Soon never came, and to my knowledge, no explanation has ever been given as to why Weaver, the number two man in the entire NRA operation, had been summarily fired. What we do know is that Weaver appears to have continued receiving his full, $720,000 annual compensation for at least two years after leaving NRA. He now serves as Executive Director of the Rocky Mountain Elk Foundation.
Weaver was initially replaced by then-Deputy Director of General Operations, Joe DeBergalis, who was also recruited from the Board of Directors. He appears to have been paid $368,000 as Deputy Director, then $461,000 as Acting Director of General Operations, until he was replaced by LaPierre’s Chief of Staff, Josh Powell, who was already pulling down over $711,000. That jumped to about $920,000 after Powell took over General Operations.
Powell appears to be one of those guys with a reverse-Midas touch, as in everything he touches turns into something exactly the opposite of gold. He started in the outdoors industry in the catalog business, selling high-end “safari” and “expedition” clothing. He appears to have tried that in a couple of different iterations, all of which failed, leaving a trail of lawsuits and bankruptcies in his wake.
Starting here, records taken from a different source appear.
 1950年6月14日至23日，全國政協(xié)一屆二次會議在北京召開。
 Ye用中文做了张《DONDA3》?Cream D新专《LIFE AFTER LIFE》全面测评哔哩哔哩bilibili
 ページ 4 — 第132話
At NRA, Powell took charge of the new NRA Carry Guard program, immediately stepping in excrement when he barred the US Concealed Carry Association and other groups that offered concealed carry insurance, from exhibiting at the NRA Annual Meetings and Exhibits. That created quite a brouhaha and was widely seen as petty and vindictive.
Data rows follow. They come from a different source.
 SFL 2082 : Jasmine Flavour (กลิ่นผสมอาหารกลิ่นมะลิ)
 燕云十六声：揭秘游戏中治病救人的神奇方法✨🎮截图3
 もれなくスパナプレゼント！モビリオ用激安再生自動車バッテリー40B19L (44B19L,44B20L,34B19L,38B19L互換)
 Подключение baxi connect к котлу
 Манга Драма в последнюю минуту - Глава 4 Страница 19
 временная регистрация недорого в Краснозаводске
Things went downhill from there, with New York, then Washington State and then several other states, throwing penalty flags on Carry Guard and the sales and marketing practices being employed by NRA and its contractors. This led to a variety of fines, penalties, and lawsuits, costing NRA tens of millions of dollars. New York led the charge, but overplayed their hand, threatening any business that did business with the NRA. Their heavy-handed tactics were so egregious that even the ACLU came to NRA’s defense. This led to NRA suing New York and its governor, Andrew Cuomo. That suit is ongoing and has been ridiculously expensive for the Association.
Powell was never well-liked by NRA staffers or the Board of Directors. While he was often mentioned as being groomed to take the EVP position if Wayne decided to retire, several Directors told me in no uncertain terms that they would never allow that to happen. The only people Powell actually seemed to get along with were Wayne, his new attorney, Bill Brewer, and former NRA President Pete Brownell.
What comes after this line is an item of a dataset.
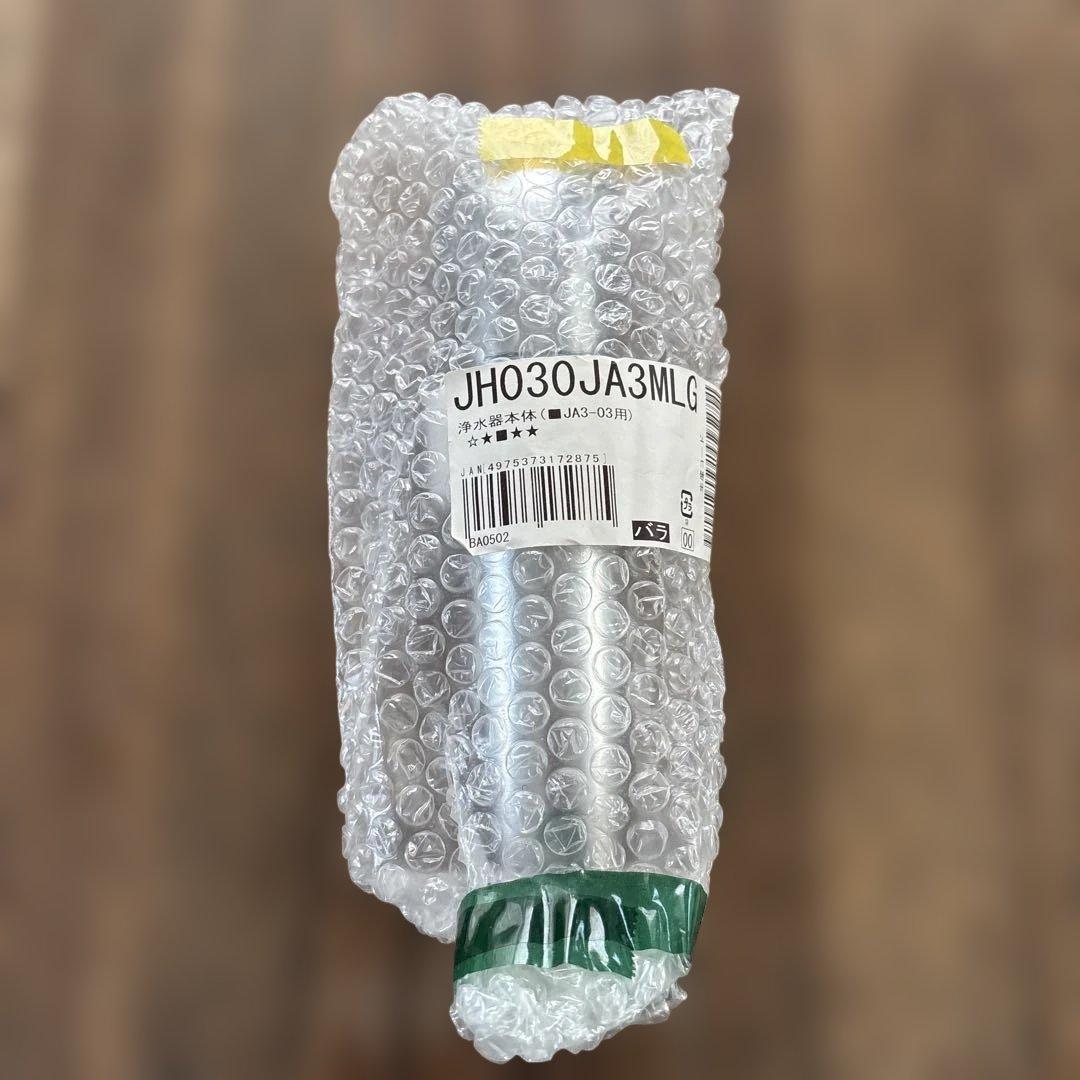 JH030JA3MLG JA3-03用　タカギ 浄水器本体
The revelations in Powell’s book could be interesting, after all, he was very close to LaPierre during a pivotal and contentious time, so there’s really no telling what sort of information he might have been privy to, but it seems unlikely that there would be a large enough market for the book to make it worth walking away from, what was probably better than a million-dollar severance package.
I’m hoping to procure an advance copy of the book, and I’ll let you know what I find.